ますますパワーアップする仁左衛門丈の八汐。あれだけいやらしく演じているのに、下品にならないのがいい。八汐だけでなく、勝元も本当に良くて(今の歌舞伎界に仁左衛門丈以上にかっこいい勝元をする人がいるであろうか?)、実は今回の陰の主役は仁左衛門丈という感じだった。

となると、竹の間や御殿での玉三郎丈の政岡、対決での仁木の吉右衛門との「対決」がもっとスリルあるものだったらよかったのに、と、ファンの願いは、天井知らずなのだ。

その意味では、福助丈の沖の井と仁左衛門八汐のやり取りはスリリングで面白かった。今までの沖の井の印象というと、政岡に同情的で政岡の窮地をいつも助けるが、八汐への対応にはてこずっているというものだった。ところが、福助丈の沖の井は、物怖じせず八汐に攻撃をかけ、あまつさえ八汐をたじたじとさせる場面もあり、かなり手強い沖の井だった。でも、おとなしい沖の井よりこっちの方がずっと面白い。沖の井が重要な役ということが初めて納得できた。

吉右衛門丈の仁木は、思ったとおりかっこいいけど、きっと夜の部の毛谷村の六助の方がニンなのだろう。


玉三郎丈の政岡を観て、政岡という役は本当に難しい役だなと思った。実際、政岡がどういう人なのか、浄瑠璃本文にはあまり記述がないように思う。女性としても、その心情はちょっと理解しにくい。母ではあるけど、千松が亡くなった時以外はほとんど感情を出さないし、いくらキャリアウーマンといっても、ちょっと冷静すぎる人のような気がする。玉三郎丈の政岡は、母という面を強調していたように思う。竹本では語られないところで千松をじっと見つめていたり、千松が八汐に刺される時に、かっと目を見開いて動揺したり。

千松の子役の子(原口智照くん?)も好演だった。大抵、子役の子は「お芝居全体の意味は分からないが、自分のパートは一生懸命行儀良くやっている」というレベルで、それでさえ素晴らしいと思うが、今回の千松は、明らかにお芝居全体を良く分かり、自分の役割を理解しているように見えた。すごいことだ。

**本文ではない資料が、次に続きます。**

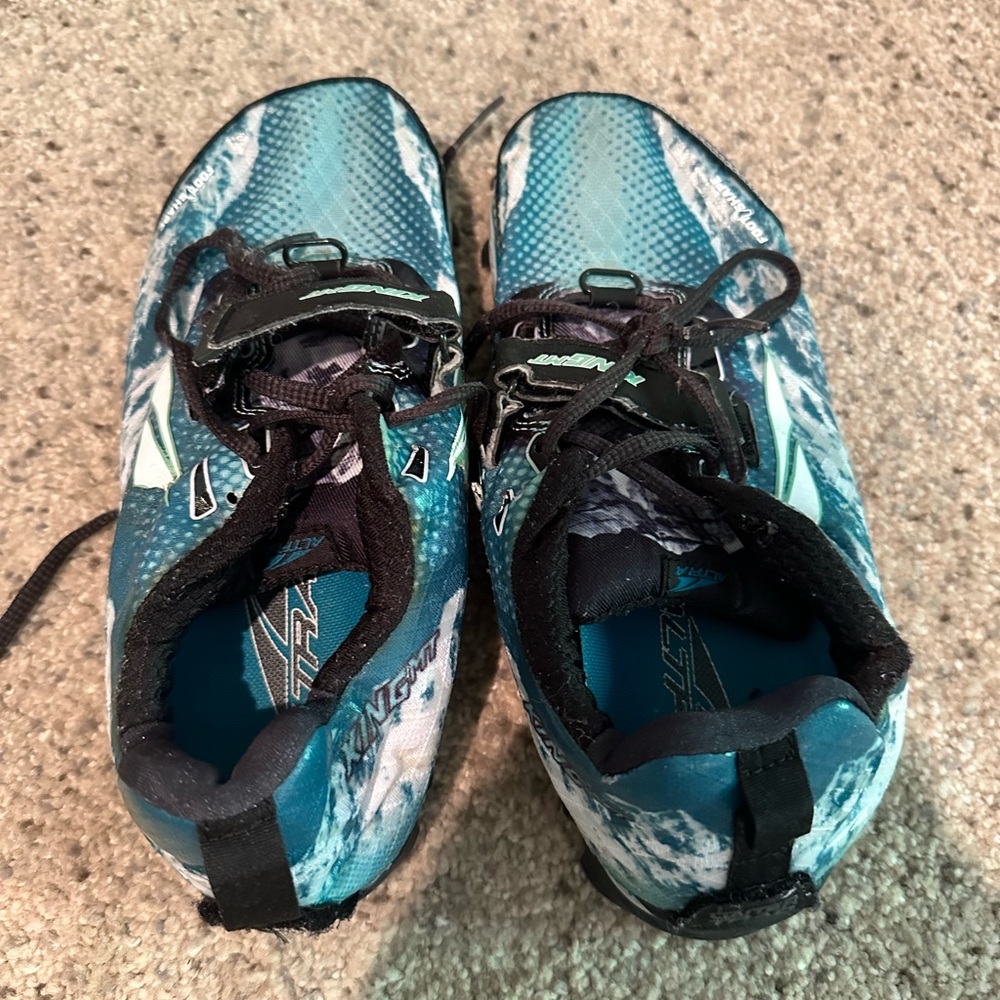 Altra King MT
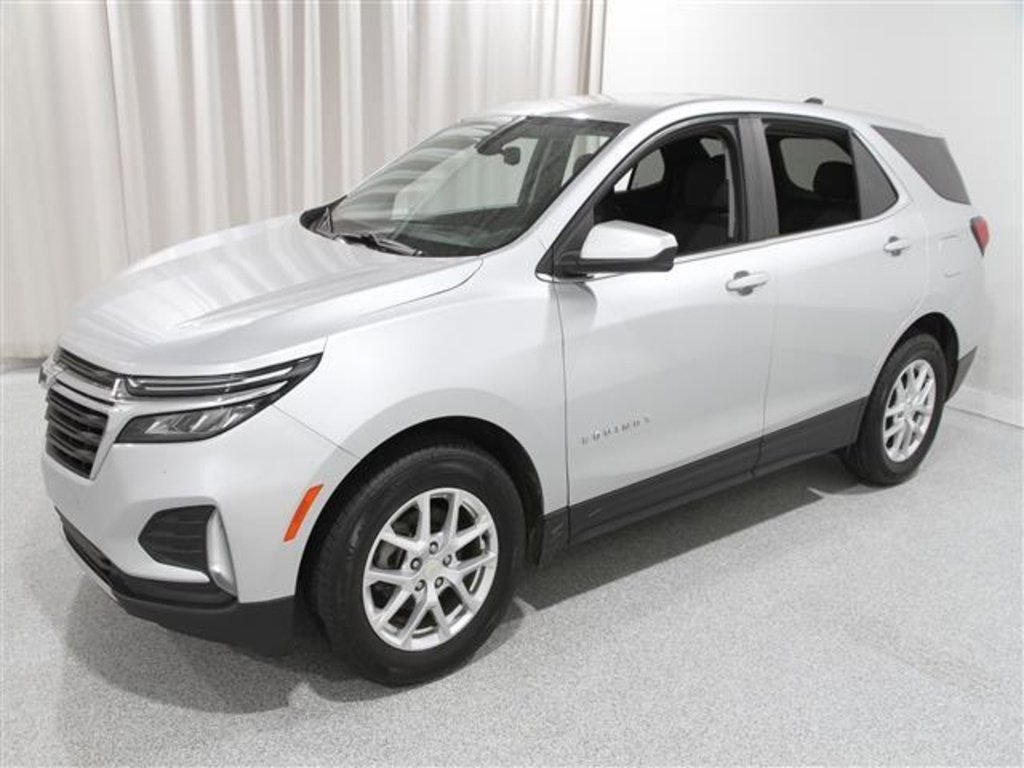 Used 2022 Chevrolet Equinox LT w/ Driver Convenience Package image 3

他に、歌六丈も久々に見れて、うれしかった。いつも栄御前を見ると、この人頭が弱いのではと思ってしまうが、歌六丈の栄御前はそんなことを思わせない、格があった。また外記左衛門も、特に最後の薬湯を飲んで舞を舞うところが良かった。結局、ラストが締まるかどうかは外記左衛門にかかっているのだ。


ところで、仁左衛門丈の八汐の衣装が素敵だった。
竹の間の打掛は、茶の地に松と波が描かれていて、松嶋屋ってことかな?と、思ったが、八汐が後を向いた時、後ろには、橋や帆掛け舟、橋と浮御堂のように見えるお堂等が描かれていて近江八景風。以前見た時は違う打掛だった気がしたけど、家に帰って平成18年11月顔見世の時の筋書を引っ張り出してその時の八汐の竹の間の打掛を見たら、同じ文様で地の色が白っぽい色だった。染め直したのだろうか。
それから、御殿の間で打掛を脱いだ後の白い小袖は桧垣文様の織りが入っていて、さり気なくお洒落。こういうのを観てうっとりするのも、楽しみのひとつだ。普段は演じない女方でもちゃんと手を抜かないで、こだわりを持っている仁左衛門丈、いいなー。

仁左衛門丈に魅了された四月歌舞伎座昼の部でした。